そこで、私の母が持たせてくれたおにぎりを一緒に美味しくもぐもぐしたり、いろいろな話をいっぱいしたりしていました。
ヴィヴィくんにはマスコットとしての帝王学(そんなものがあるのかわかりませんが)のようなものを伝え、過言ではなく1から100まで全てを教えました。前述のパルちゃんとの幸せな思い出も伝えたはずです。
初めは雛鳥のようだったヴィヴィくん
ヴィヴィくんはオシドリと九州シカのハイブリッドですが、最初は本当に雛鳥のようでした。
今回、この記事を書くきっかけとなった6/28の以下のポスト
でいただいた写真を見ていると、特に2010年から数年間は、私が前を歩き、ヴィヴィくんが後ろを付いてくるものが多く、ひよこのようだったんだなと感じます。
そういえば、私の姿が見えなくなるとパニックに陥っていたこともありました。
(そんな姿が愛おしくてたまにわざと隠れていました。ヴィヴィくん本当にごめんなさい)
そんなヴィヴィくんは元来の真面目で一生懸命な性格もあって、少しずつできることが増えていきました。
先ほど1から100まで教えたと言いましたが、最初からできたこともありました。
それは、小さなお子さんが来た時に膝をつき、目線を合わせて触れ合うことです。
これには感動して、ヴィヴィくんすごいな!と思った記憶があります。
チャントにはヴィヴィくんも大喜び
今では他のマスコットを飛ばすこともある有名なヴィヴィくんチャントですが、いつからという記憶はないものの、かなり早い段階からゴール裏のみなさんが歌ってくれていました。

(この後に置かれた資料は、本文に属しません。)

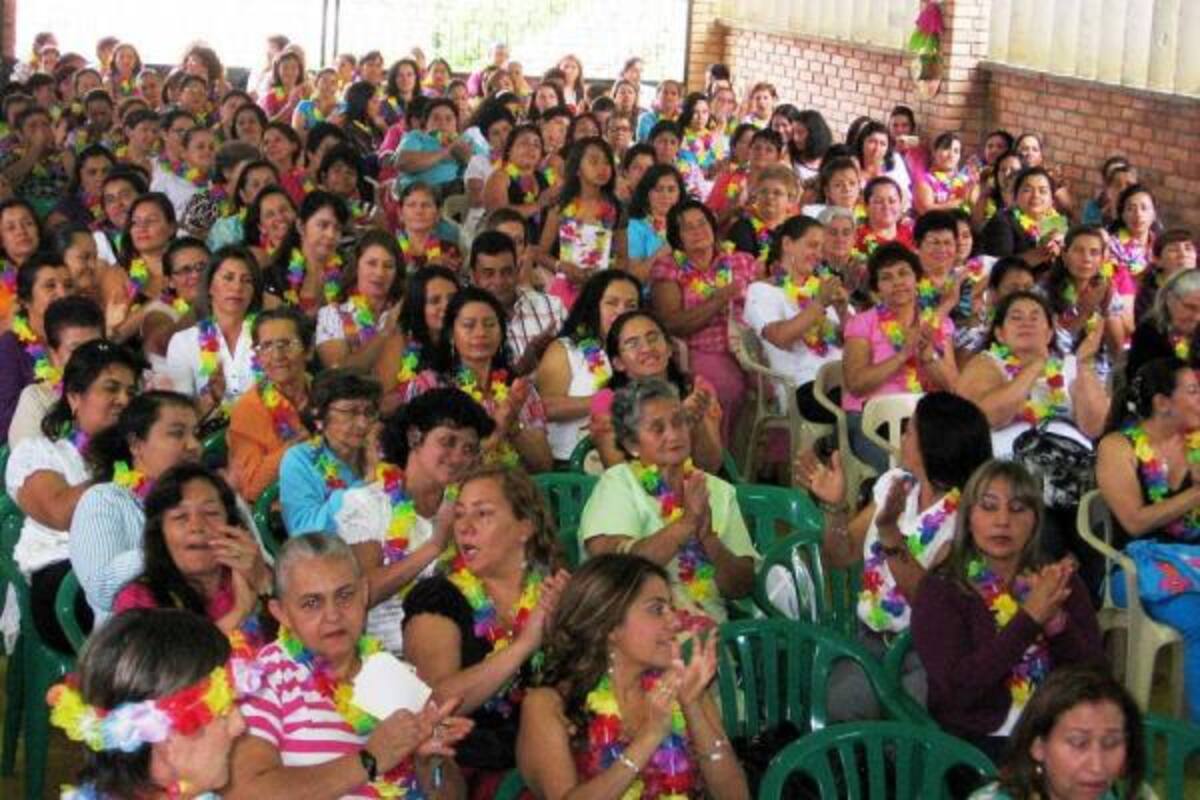 El lleno total del auditorio del Instituto Técnico Industrial Monseñor Carlos Ardila García del Socorro engalanó este sentido detalle que con admiración la comunidad educativa le entregó a cada una de las mamás, en agradecimiento por el amor y esmero con que diariamente ellas acompañan el crecimiento de sus hijos. (Foto: Nancy Gómez /VANGUARDIA LIBERAL)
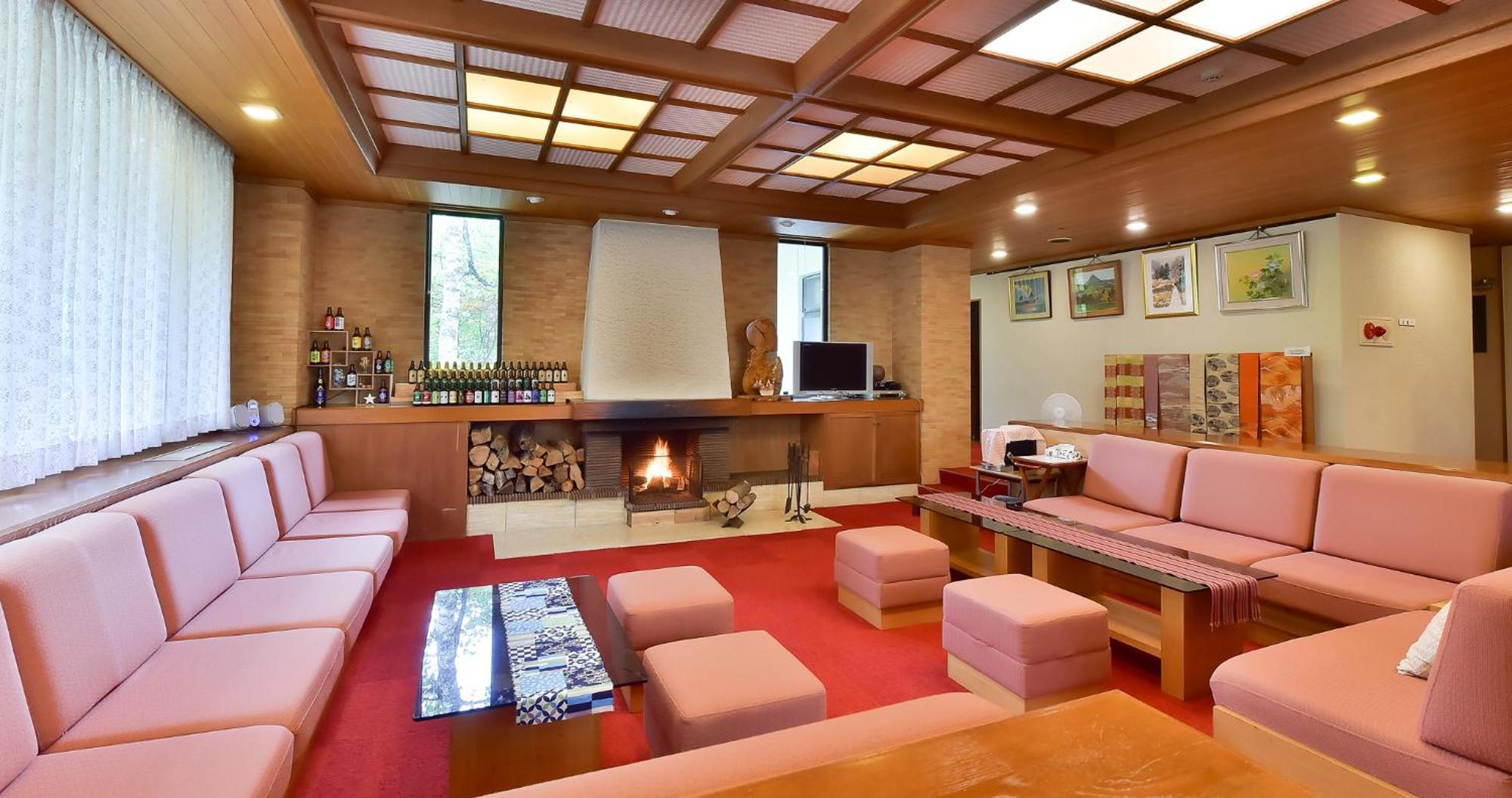 Kotobuki Hotel Yamanouchi  Buitenkant foto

失礼ながら、ゴール裏の中心で応援されているみなさんはそれまではとっつきにくいイメージで何となく近寄りづらく感じていたのですが、本当にヴィヴィくんに優しくしてくださって、ヴィヴィくんとも喜んでいました。
長崎には今でもアウェイサポーターさんを歓迎する文化、ホームもアウェイも関係なくマスコットを大事にする素晴らしい文化があると感じていますが、ヴィヴィくんの誕生間も無くからずっと熟成され、現在の姿があるように思います。
Jリーグ参入から活動の幅が広がるように
2013年に念願のJリーグ参入を果たして、現在の長崎県立総合運動公園陸上競技場(トランスコスモススタジアム長崎)も完成。
ホーム初戦となったガンバ大阪戦はチケット完売で、本当に夢のような時間でした。
ヴィヴィくんと「人がいっぱいいるね!」と、とても高揚した気持ちで歩いたのを覚えています。
ガンバサポさんもいっぱいお越しくださいました。
今でも大活躍中のレインコートは、実は何とサポーターさんの手作り!
採寸もできない中、サイズ感を想像で作ってくださったんだと思います。
お披露目は2013年6月29日のアビスパ福岡戦でした。
あまりにもかわいすぎて、うれしくて、号泣しました。
J2で戦うようになったこの年から「九州だJ!」に参加させていただくようになり、あちこちお出かけをさせてもらいました。
マスコットもスタッフさんたちも本当に仲が良くて、みんなが心から楽しんでいる素晴らしいイベントです。
この年の7月にギラヴァンツ北九州のホーム(当時)・本城陸上競技場で、40分にも渡る灼熱の中のクイズ対決の後、みんなでスタグルの焼きカレーを食べたのはとても楽しい思い出です。
年が明けて、2014年のFUJI XEROX SUPER CUP2014はアテンドとして同行しました。
ここでヴィヴィくんはマスコット総選挙で自身初めての1位となるのですが、この時はなんと発表ギリギリまで投票可能でした。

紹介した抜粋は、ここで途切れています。